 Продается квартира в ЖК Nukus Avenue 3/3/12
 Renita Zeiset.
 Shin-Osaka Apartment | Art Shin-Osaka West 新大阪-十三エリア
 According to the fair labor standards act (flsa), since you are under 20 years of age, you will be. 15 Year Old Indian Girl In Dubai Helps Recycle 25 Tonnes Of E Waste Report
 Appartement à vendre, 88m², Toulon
———
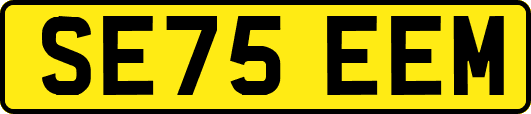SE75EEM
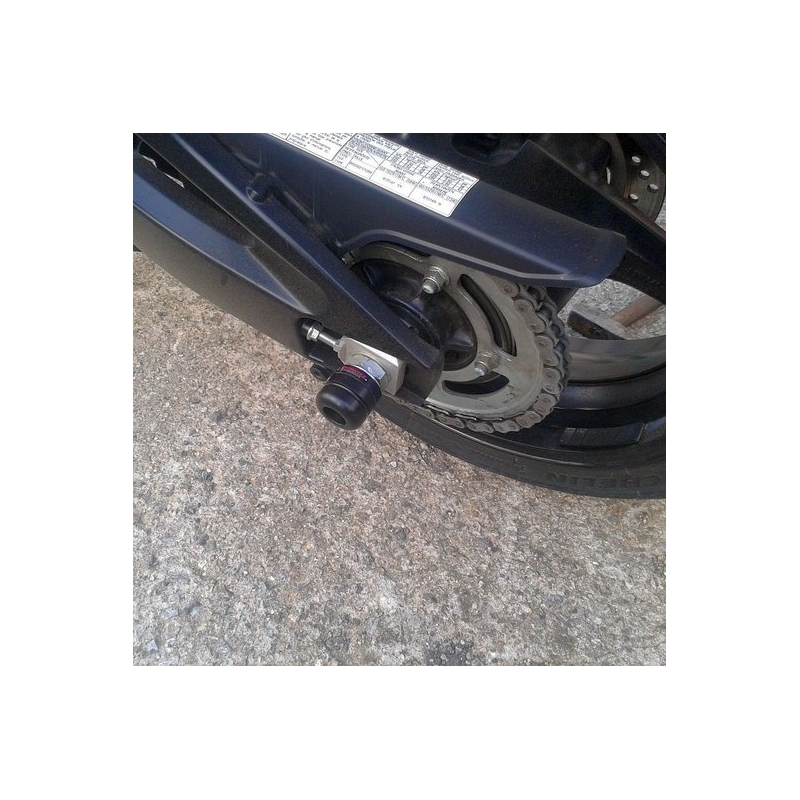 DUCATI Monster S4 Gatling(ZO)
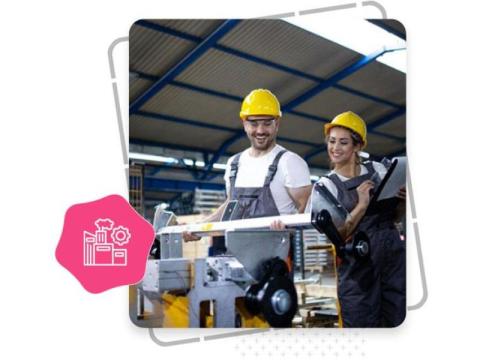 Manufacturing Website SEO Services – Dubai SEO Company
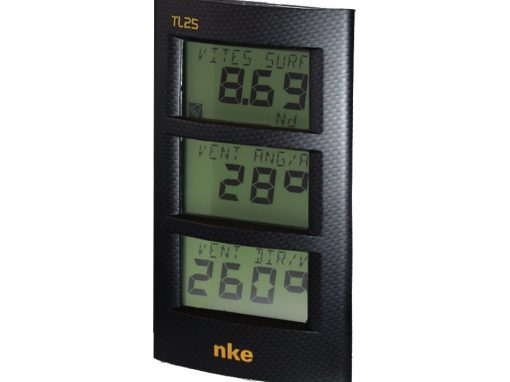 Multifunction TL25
———
Look above for the line containing "DUCATI Monster S4 Gatling(ZO)", then copy exactly from it through the line containing "Multifunction TL25", keeping both and leaving out pictures. Add nothing else.

Solution to this exercise:
 DUCATI Monster S4 Gatling(ZO)
 Manufacturing Website SEO Services – Dubai SEO Company
 Multifunction TL25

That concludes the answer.